◆ **ASSIGNED TASK**: A faithful copy of the data, pictures omitted, is the required answer.

◆ **INFORMATION SHOWN**:
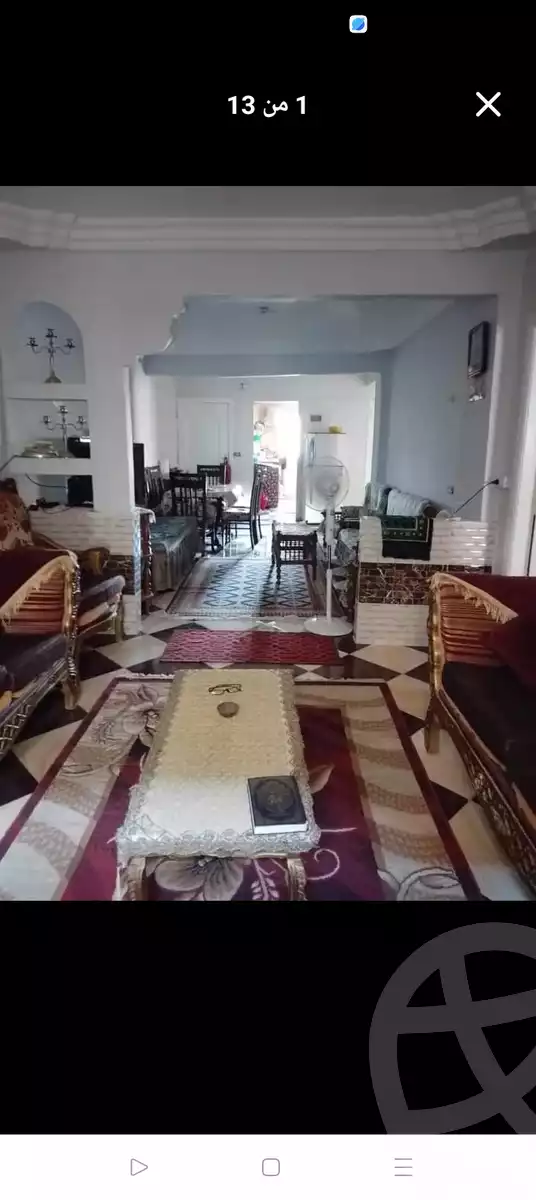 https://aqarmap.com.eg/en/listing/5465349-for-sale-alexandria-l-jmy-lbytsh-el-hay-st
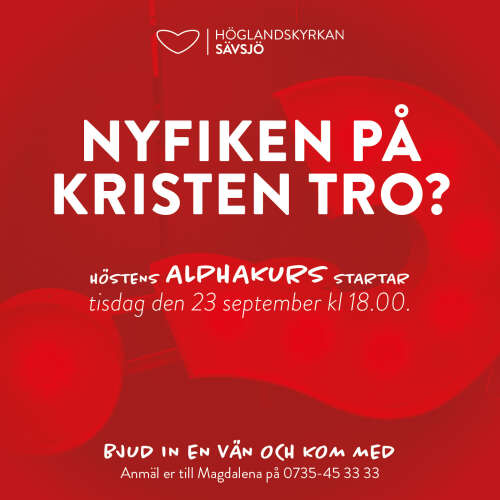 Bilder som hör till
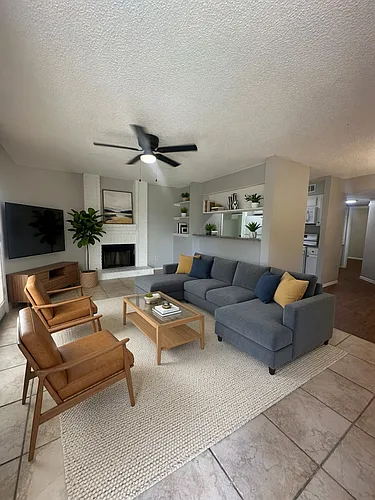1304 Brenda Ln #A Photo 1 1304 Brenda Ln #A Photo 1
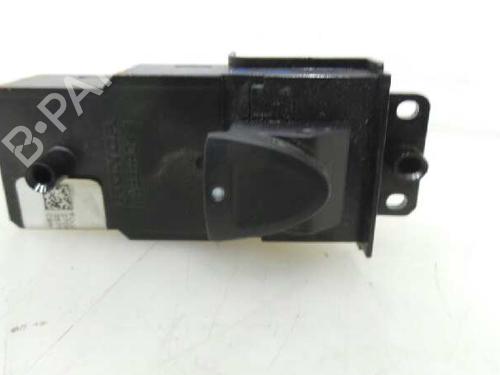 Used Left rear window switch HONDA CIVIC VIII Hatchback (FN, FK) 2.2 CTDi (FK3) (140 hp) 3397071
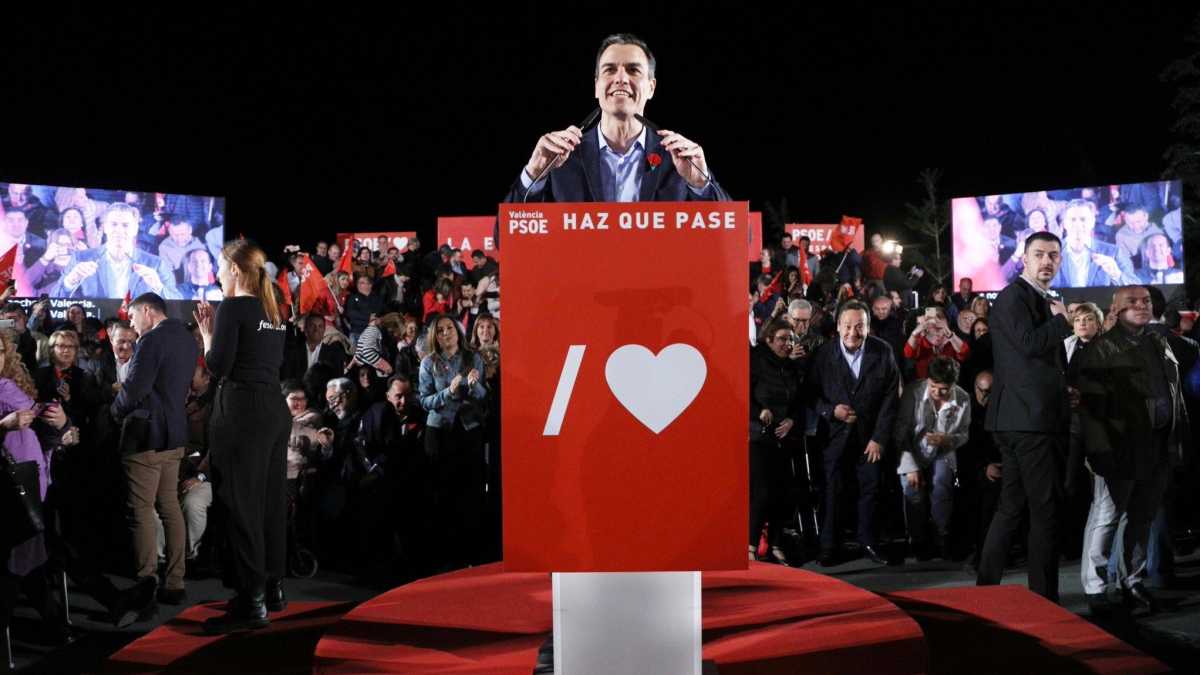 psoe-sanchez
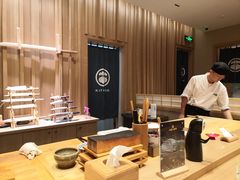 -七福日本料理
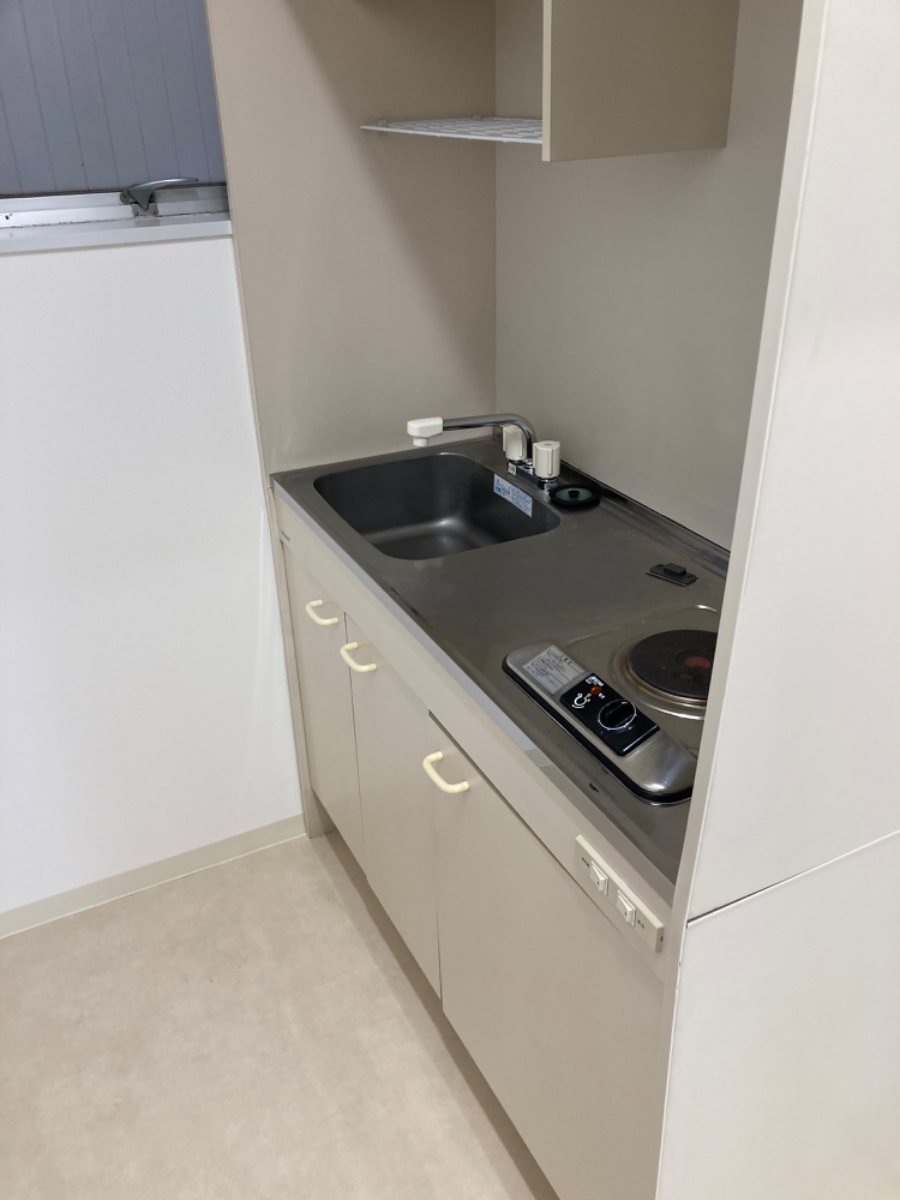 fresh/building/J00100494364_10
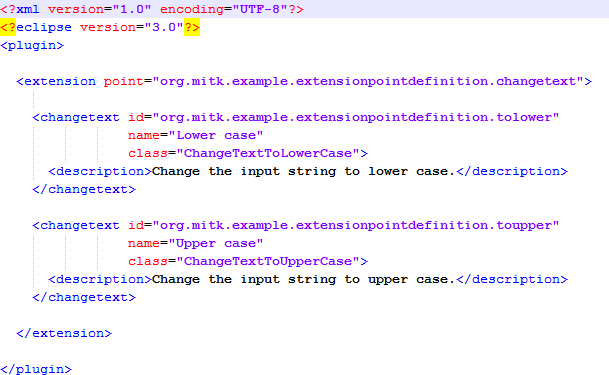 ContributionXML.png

◆ **RESPONSE BELOW**:
 https://aqarmap.com.eg/en/listing/5465349-for-sale-alexandria-l-jmy-lbytsh-el-hay-st
 Bilder som hör till
1304 Brenda Ln #A Photo 1 1304 Brenda Ln #A Photo 1
 Used Left rear window switch HONDA CIVIC VIII Hatchback (FN, FK) 2.2 CTDi (FK3) (140 hp) 3397071
 psoe-sanchez
 -七福日本料理
 fresh/building/J00100494364_10
 ContributionXML.png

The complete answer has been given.